Let’s get back to basics though: human pee and what we all have in common. The primary reason animals pee is to get rid of nitrogen atoms (more on this in future posts). We humans primarily use the nitrogen-containing chemical urea for this, though we also directly excrete small amounts of the very simple nitrogen-containing chemical called ammonia.

Urea has no odor, mostly because it is not volatile enough to float into your nose. However, ammonia has a very strong odor, as this molecule is smaller and therefore more volatile than urea. This is one reason why everyone’s pee smells pretty much the same—because of ammonia. This is also why lant (aged pee, gross!!) smells worse than brand new pee, because the odorless urea molecules have over time combined with water to produce more smelly ammonia molecules. This happens on its own when urea sits around in water, but it can also be sped up by microbes that have an enzyme called a urease.

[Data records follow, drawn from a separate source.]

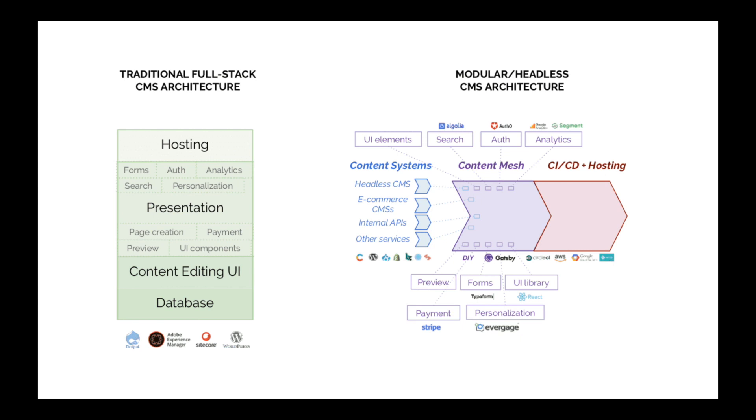Like a headless CMS, or maybe a headless e-commerce platform, or even internal APIs that we created, and many other services like WordPress as a headless CMS, Drupal, Shopify integration.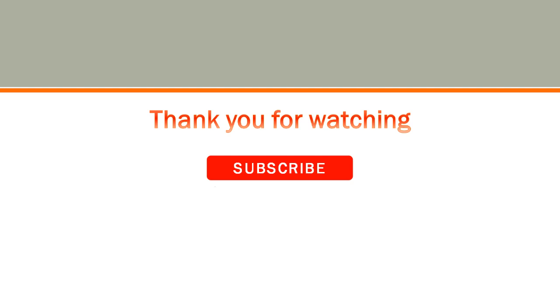Finally, thank you very much for watching and please subscribe to the channel. Thank you.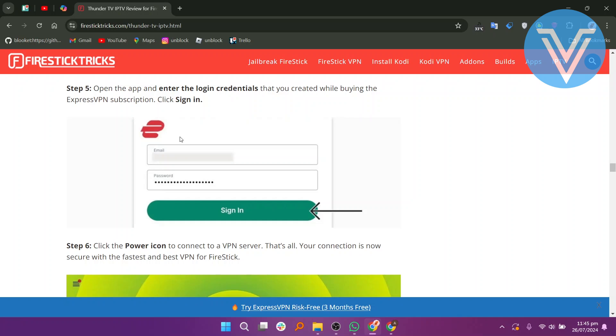Click Sign In. Click the power icon to connect to a VPN server and that's all. Your connection is now secure with the fastest and best VPN for Fire Stick.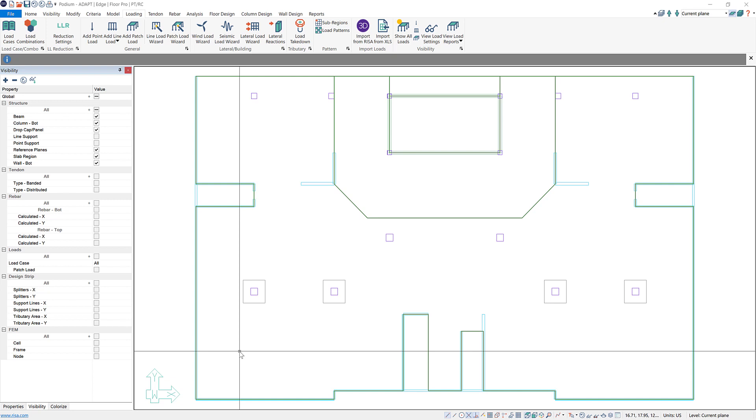New to ADAPT Builder is the ability to export loads from a IRISA 3D model and import them directly into your ADAPT Builder model. This will expedite processes such as podium design by allowing you to import loads directly instead of having to input them by hand or creating your own Excel file.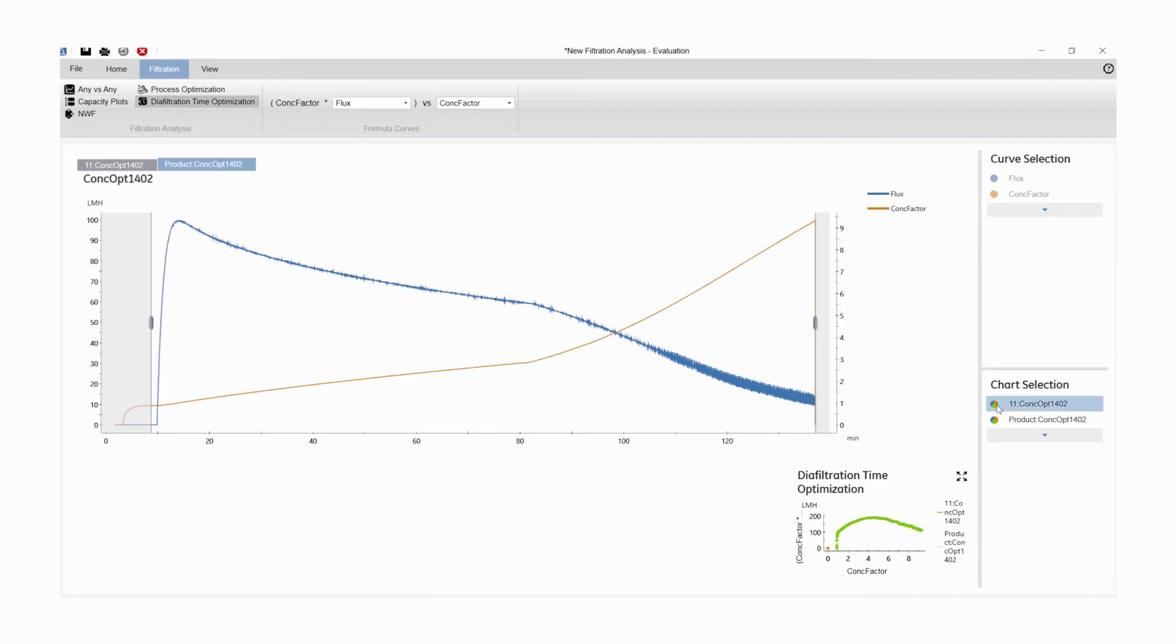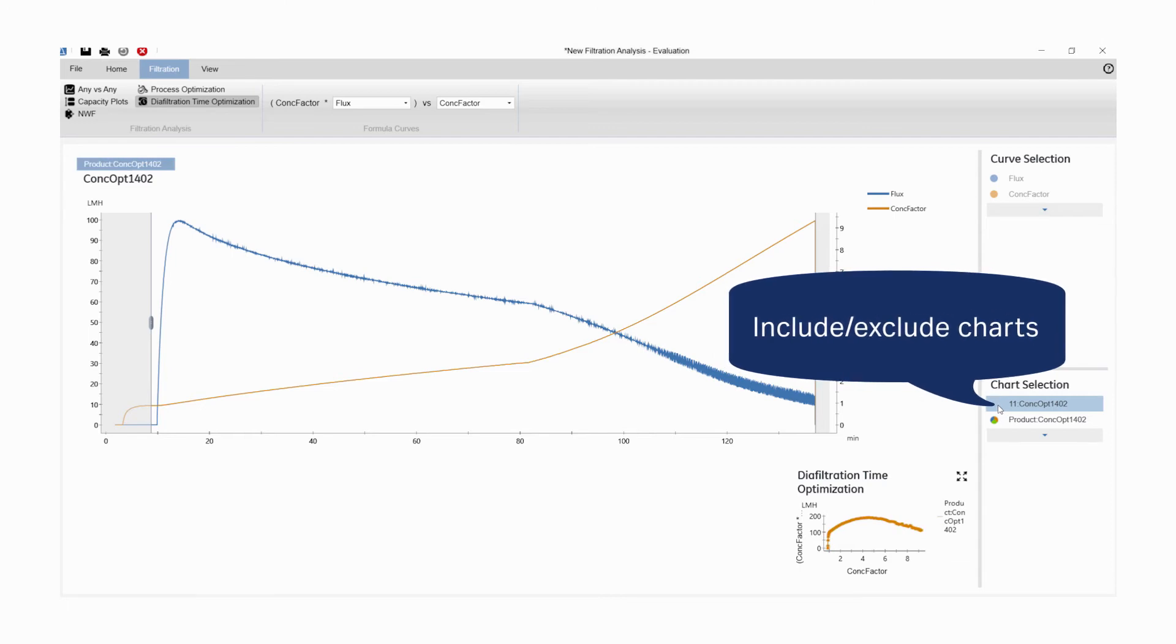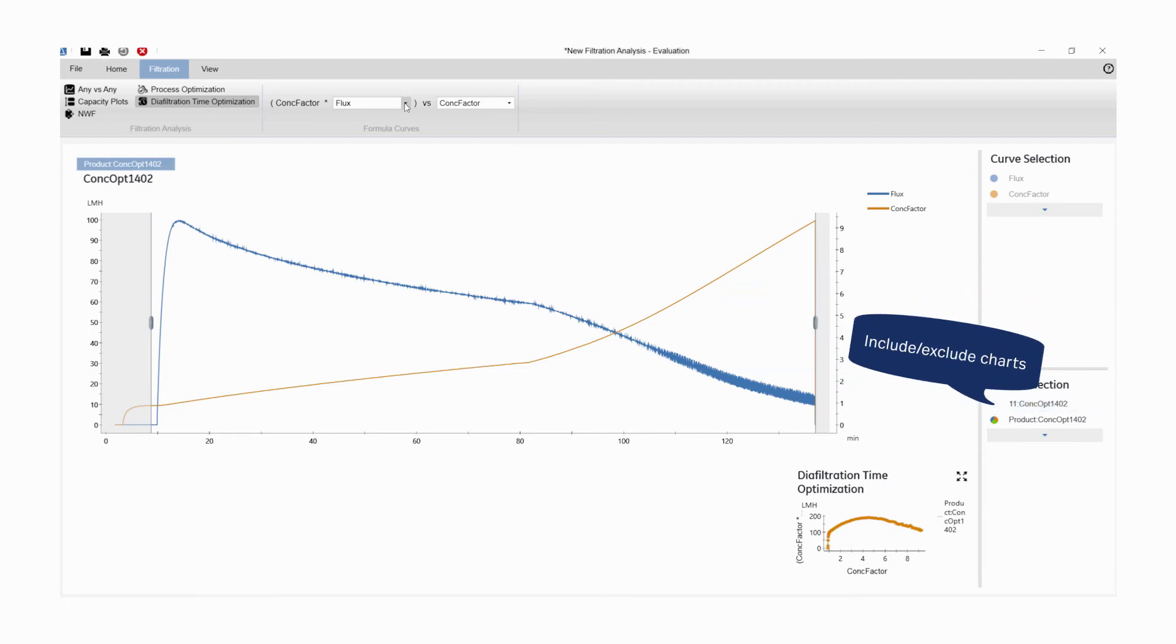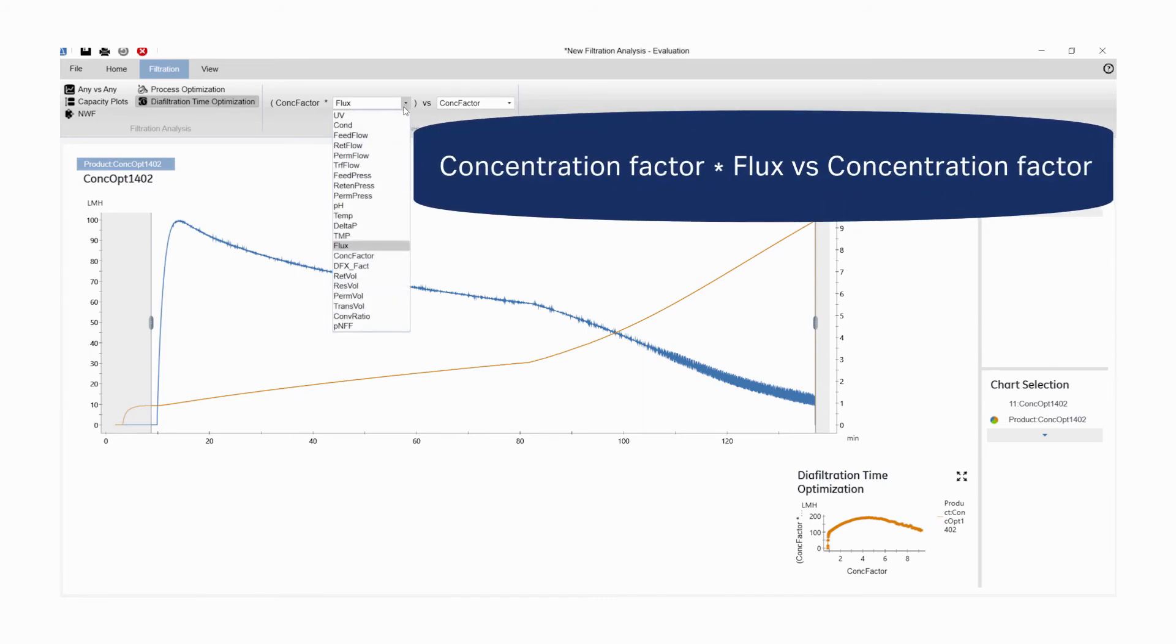Charts can be included or excluded for analysis from the Chart Selection pane. Select the curves you wish to analyze. In this case, we want to compare concentration factor times flux versus concentration factor.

New smelly pee can become old smellier pee over time due to urea turning into ammonia

However, even though everyone’s normal, non-asparagus pee contains smelly ammonia, that doesn’t mean it all smells exactly the same. The full answer to why pee smell varies slightly between people involves tons of details, but the simple answer is that everyone’s body deals with chemicals slightly differently. This causes tiny variations in the volatile chemicals that are peed out, which leads to slightly different “pee bouquets”.

Some examples of the kinds of smelly chemicals we pee out in varying amounts include acetone (nail polish remover), benzaldehyde (almond flavor), acetic acid (vinegar), dimethylfuran, pyrrole, and even toluene (paint thinner)!

Because subtle, ambiguous answers can sometimes be unsatisfying, we’ll finish this post with two insane human biological disorders that are anything but subtle.

Some people have the misfortune of urinating out a nitrogen-containing chemical called trimethylamine, which is the same chemical that gives dead fish its smell. Gross! This disorder is known as trimethylaminuria or “fish-odor syndrome”, and is caused by the person’s body not being able to turn trimethylamine into the less volatile (and way less smelly) chemical trimethylamine N-oxide. Trimethylamine therefore builds up in the fish-odor syndrome victim’s body and comes out in his/her urine, sweat, and breath. What a bummer!

Double Bummer!!!

We’ll finish off today’s peepee talk with a sweet tale. Instead of having dead-fish-smelling-pee, some people’s pee can smell like maple syrup! This is caused by a genetic defect that causes a buildup in certain kinds of amino acids in people’s bodies.

Those amino acids have to go somewhere, and some of them end up turning into a chemical called sotolon (proposed mechanism here), which then gets peed out. This is the same chemical that gives maple syrup its distinctive awesome smell, hence the maple-syrup-smelling-pee-pee! Unfortunately this disease can be fatal if left untreated (mega sad), however with proper treatment people are able to live healthy lives (mega happy).

CT scan of infant with maple-syrup urine disease. More info about and source of image: pediatricneuro.com

For the purpose of making artificial maple syrup, companies isolate sotolone from the herb fenugreek. So, since most sotolone molecules pass through your body unchanged, if you ever want your pee to smell like maple syrup, just eat lots of fenugreek. But remember, never directly inhale pee vapors, always waft!